物理容量56TB/実効容量約48TB(RAID6構成後)の大規模ストレージ空間。多量のシーケンスデータの受皿として役割を果たします。

解析システム構築 事例ファイル2:理化学研究所 発生・再生科学総合研究センター様 (理研CDB様)

MSS提案のポイント

  • 1.解析ニーズに則したソフトウェア構成
  • 2.パイプライン処理に適した計算リソース
  • 3.将来拡張性や柔軟性を重視

システム構成概要

ソフトウェア
実験手法のヒアリング結果から、一次解析(マッピング)、二次解析それぞれに最適なソフトウェアソリューションをご提案。
計算ノード
一次解析用(マッピング処理)用の8台の計算ノード、二次解析用の大容量のメモリ計算ノード(256GBメモリ)と、NGS解析にベストな構成。
ストレージ
コストパフォーマンスに優れたSerialATAを搭載。 物理容量48TB/実効容量約36TB(RAID6構成後)の大規模ストレージ空間。
HPCソリューションズ
  システム構築およびH/W構築については、HPCソリューションズ殿にて実施しました。

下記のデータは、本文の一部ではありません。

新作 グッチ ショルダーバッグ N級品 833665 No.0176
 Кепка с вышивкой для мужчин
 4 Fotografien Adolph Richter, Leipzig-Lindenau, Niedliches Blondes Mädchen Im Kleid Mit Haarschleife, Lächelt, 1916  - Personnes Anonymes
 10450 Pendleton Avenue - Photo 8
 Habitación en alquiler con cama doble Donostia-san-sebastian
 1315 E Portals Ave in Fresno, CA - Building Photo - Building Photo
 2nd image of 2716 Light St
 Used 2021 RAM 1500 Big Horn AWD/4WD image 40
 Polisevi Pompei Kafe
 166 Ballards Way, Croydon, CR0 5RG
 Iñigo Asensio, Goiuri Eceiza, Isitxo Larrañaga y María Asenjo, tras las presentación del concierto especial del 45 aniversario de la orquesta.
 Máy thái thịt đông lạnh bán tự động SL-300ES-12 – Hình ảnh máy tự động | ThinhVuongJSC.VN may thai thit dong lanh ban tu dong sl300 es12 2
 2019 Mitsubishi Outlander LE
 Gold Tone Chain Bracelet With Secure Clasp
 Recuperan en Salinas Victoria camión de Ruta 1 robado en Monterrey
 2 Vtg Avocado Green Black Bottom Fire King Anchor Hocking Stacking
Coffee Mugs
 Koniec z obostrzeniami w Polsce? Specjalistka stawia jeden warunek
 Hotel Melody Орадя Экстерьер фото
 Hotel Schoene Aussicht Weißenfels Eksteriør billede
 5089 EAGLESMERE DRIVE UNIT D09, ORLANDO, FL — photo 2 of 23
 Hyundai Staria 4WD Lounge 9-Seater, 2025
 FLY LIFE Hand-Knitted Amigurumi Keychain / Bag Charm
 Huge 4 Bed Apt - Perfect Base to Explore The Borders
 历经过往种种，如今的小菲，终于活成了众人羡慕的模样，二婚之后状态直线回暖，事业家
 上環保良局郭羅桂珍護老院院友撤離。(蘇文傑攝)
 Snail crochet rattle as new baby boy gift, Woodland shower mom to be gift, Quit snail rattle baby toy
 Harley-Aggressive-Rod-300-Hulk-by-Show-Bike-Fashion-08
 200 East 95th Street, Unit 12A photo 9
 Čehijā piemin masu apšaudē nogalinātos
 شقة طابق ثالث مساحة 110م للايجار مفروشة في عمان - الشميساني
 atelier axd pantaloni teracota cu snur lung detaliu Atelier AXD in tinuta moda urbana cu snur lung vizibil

解析システム構築 事例ファイル3:奈良先端科学技術大学院大学様 (NAIST様)

MSS提案のポイント

  • 1.充実のハードウェア基盤
  • 2.充実のソフトウェア環境
  • 3.充実のサポート&サービス

システム構成概要

ハードウェア
Nehalem(QuadCore)を2CPU搭載、144GBの大規模メモリ空間を有した充実の計算リソース。
ソフトウェア
NGSのご利用目的(大腸菌のシステムレベルでの解析)に合わせて構築された充実のソフトウェア環境(Bowtie、Velvet、FindPeaks、etc)。
サポート&サービス
バイオインフォマティクス全般および次世代シーケンサー運用フローに精通した専門チームによる充実のサポート。